The communication method of this disclosure is
A communication method executed by a controller device that controls application traffic.
The controller device sets a target feedback delay time according to the type of application, and executes traffic control so as to satisfy the target feedback delay time.

The controller device of the present disclosure is
Keep the target feedback delay time according to the type of application,
When the target feedback delay time is inquired from the traffic control function, the target feedback delay time is set according to the type of the inquired application, and the traffic control function is controlled so as to satisfy the target feedback delay time.

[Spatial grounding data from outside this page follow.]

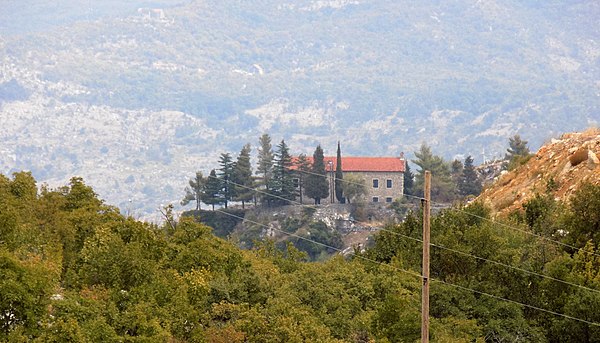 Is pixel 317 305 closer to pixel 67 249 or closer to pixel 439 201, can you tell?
pixel 67 249

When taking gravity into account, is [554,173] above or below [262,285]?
above

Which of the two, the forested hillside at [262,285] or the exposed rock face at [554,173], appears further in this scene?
the exposed rock face at [554,173]

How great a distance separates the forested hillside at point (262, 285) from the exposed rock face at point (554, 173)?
1023cm

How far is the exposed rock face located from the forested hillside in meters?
10.2

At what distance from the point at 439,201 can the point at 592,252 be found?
137031 mm

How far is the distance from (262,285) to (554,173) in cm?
3479

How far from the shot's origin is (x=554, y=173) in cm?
7962

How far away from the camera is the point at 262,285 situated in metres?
52.2

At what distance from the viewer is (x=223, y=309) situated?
4675 centimetres

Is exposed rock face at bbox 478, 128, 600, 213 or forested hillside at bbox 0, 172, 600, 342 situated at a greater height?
exposed rock face at bbox 478, 128, 600, 213

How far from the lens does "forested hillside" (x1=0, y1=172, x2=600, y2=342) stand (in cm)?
3694

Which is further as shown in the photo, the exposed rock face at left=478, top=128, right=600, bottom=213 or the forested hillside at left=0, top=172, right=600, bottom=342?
the exposed rock face at left=478, top=128, right=600, bottom=213

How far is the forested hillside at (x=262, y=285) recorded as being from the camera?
1454 inches

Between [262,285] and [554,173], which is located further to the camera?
[554,173] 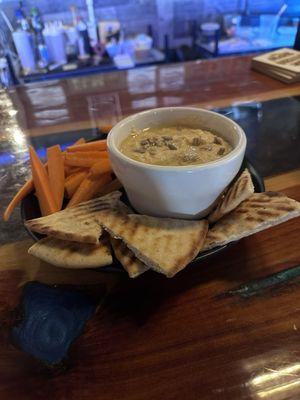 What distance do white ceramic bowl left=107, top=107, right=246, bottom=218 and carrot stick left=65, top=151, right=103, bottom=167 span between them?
183 millimetres

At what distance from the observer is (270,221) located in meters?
0.95

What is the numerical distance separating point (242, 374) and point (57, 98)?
2124 millimetres

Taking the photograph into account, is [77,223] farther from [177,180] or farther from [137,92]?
[137,92]

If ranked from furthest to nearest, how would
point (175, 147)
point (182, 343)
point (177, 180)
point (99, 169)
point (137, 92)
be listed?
point (137, 92) → point (99, 169) → point (175, 147) → point (177, 180) → point (182, 343)

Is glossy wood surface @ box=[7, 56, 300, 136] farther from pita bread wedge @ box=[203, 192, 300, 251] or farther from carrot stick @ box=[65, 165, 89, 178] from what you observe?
pita bread wedge @ box=[203, 192, 300, 251]

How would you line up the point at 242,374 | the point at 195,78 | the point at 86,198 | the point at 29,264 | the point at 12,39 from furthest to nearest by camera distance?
the point at 12,39 → the point at 195,78 → the point at 86,198 → the point at 29,264 → the point at 242,374

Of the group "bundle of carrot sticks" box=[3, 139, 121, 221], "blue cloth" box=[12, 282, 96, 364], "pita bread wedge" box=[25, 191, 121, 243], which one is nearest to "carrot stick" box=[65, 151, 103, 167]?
"bundle of carrot sticks" box=[3, 139, 121, 221]

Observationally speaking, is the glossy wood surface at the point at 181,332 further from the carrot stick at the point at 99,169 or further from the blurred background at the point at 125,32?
the blurred background at the point at 125,32

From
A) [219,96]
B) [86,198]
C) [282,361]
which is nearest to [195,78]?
[219,96]

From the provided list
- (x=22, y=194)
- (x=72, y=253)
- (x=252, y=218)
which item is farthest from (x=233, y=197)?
(x=22, y=194)

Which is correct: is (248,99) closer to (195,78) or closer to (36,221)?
(195,78)

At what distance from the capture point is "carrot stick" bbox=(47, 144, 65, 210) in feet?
4.04

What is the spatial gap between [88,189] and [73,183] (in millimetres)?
81

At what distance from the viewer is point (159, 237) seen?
3.10 feet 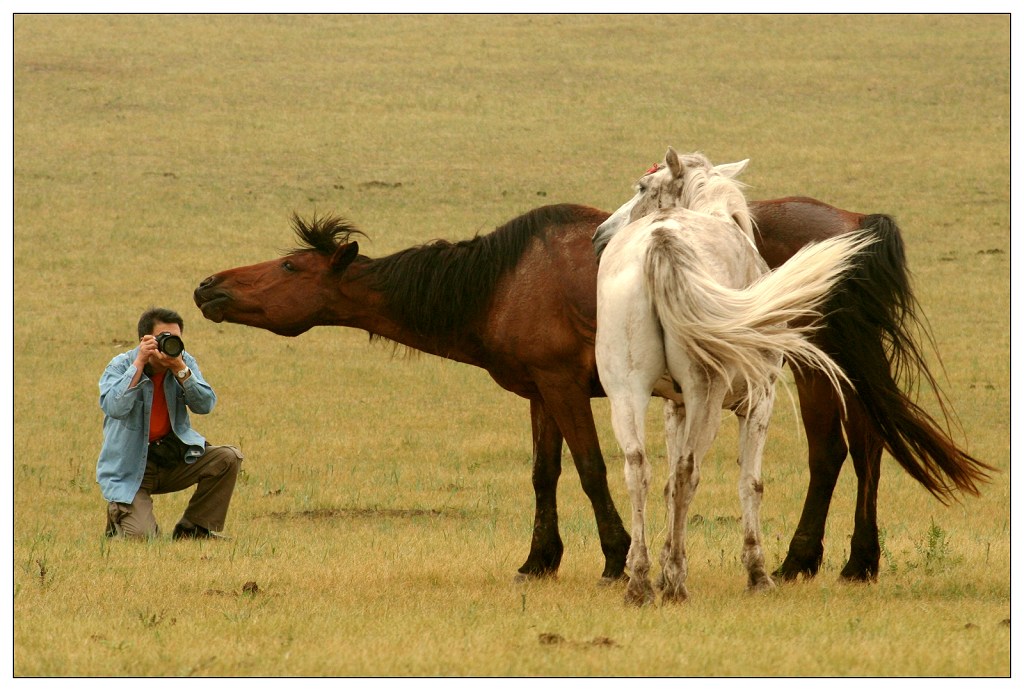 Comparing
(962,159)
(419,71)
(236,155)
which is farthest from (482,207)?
(419,71)

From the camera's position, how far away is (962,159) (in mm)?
33344

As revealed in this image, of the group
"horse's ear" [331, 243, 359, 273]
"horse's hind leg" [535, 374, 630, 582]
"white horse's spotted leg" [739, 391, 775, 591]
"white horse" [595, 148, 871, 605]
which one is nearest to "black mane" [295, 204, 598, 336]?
"horse's ear" [331, 243, 359, 273]

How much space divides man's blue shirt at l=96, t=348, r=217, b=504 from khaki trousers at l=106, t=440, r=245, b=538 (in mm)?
134

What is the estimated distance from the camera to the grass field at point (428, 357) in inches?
238

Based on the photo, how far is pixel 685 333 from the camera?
6367 millimetres

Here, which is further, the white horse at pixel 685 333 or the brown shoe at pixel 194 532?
the brown shoe at pixel 194 532

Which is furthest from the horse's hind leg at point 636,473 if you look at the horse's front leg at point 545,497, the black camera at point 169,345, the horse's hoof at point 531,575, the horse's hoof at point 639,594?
the black camera at point 169,345

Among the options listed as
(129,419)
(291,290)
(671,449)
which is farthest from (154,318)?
(671,449)

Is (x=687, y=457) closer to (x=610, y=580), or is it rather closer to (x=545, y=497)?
(x=610, y=580)

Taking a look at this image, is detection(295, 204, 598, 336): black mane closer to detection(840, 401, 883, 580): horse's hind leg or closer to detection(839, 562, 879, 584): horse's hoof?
detection(840, 401, 883, 580): horse's hind leg

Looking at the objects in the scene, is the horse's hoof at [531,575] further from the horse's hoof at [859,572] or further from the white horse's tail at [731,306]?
the white horse's tail at [731,306]

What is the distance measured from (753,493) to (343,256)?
114 inches

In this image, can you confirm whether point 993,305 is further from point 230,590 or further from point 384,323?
point 230,590

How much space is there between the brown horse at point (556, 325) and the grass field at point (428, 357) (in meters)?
0.45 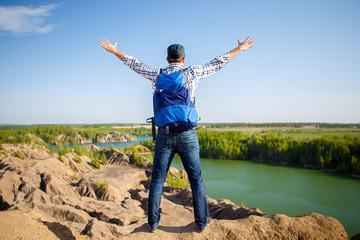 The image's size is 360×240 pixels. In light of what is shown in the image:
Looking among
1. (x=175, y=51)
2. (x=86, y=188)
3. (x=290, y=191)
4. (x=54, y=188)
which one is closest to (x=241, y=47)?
(x=175, y=51)

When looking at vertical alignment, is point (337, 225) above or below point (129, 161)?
above

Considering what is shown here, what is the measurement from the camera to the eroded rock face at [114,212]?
116 inches

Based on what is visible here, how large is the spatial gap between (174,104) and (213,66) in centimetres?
77

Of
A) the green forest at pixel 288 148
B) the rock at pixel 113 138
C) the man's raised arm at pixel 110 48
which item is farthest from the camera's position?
the rock at pixel 113 138

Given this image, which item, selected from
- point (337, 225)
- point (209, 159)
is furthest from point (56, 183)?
point (209, 159)

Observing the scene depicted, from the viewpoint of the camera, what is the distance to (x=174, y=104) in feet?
8.20

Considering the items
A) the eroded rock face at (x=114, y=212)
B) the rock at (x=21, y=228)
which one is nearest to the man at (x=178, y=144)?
the eroded rock face at (x=114, y=212)

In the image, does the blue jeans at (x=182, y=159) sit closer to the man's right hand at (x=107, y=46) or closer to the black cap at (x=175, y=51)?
the black cap at (x=175, y=51)

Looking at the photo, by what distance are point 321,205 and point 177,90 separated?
50.8ft

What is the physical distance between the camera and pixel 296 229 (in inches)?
121

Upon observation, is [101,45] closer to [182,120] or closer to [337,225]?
[182,120]

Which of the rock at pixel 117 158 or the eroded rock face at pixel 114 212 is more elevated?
the eroded rock face at pixel 114 212

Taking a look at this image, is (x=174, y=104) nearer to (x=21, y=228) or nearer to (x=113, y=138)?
(x=21, y=228)

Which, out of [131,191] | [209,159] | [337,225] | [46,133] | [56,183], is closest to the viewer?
[337,225] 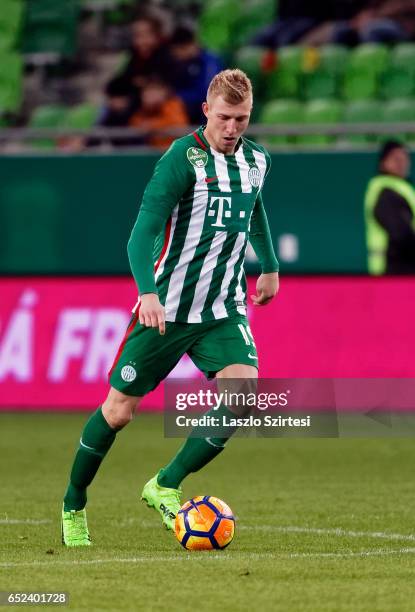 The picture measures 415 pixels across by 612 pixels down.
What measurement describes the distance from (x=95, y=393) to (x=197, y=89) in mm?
4471

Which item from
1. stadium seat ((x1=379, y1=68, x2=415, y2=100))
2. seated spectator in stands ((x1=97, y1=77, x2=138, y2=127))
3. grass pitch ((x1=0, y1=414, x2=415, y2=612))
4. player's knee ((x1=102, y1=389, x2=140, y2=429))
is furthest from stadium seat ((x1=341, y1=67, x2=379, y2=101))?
player's knee ((x1=102, y1=389, x2=140, y2=429))

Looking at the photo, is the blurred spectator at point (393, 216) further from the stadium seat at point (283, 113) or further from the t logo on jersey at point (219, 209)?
the t logo on jersey at point (219, 209)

To execute.

The program of the present disclosure is a program for realizing a computer as each functional unit provided in the communication device according to the present disclosure, and for causing the computer to execute each step provided in the communication method executed by the communication device according to the present disclosure. It is a program.

According to the present disclosure, congestion control can be performed without impairing the operability required for applications such as cloud games.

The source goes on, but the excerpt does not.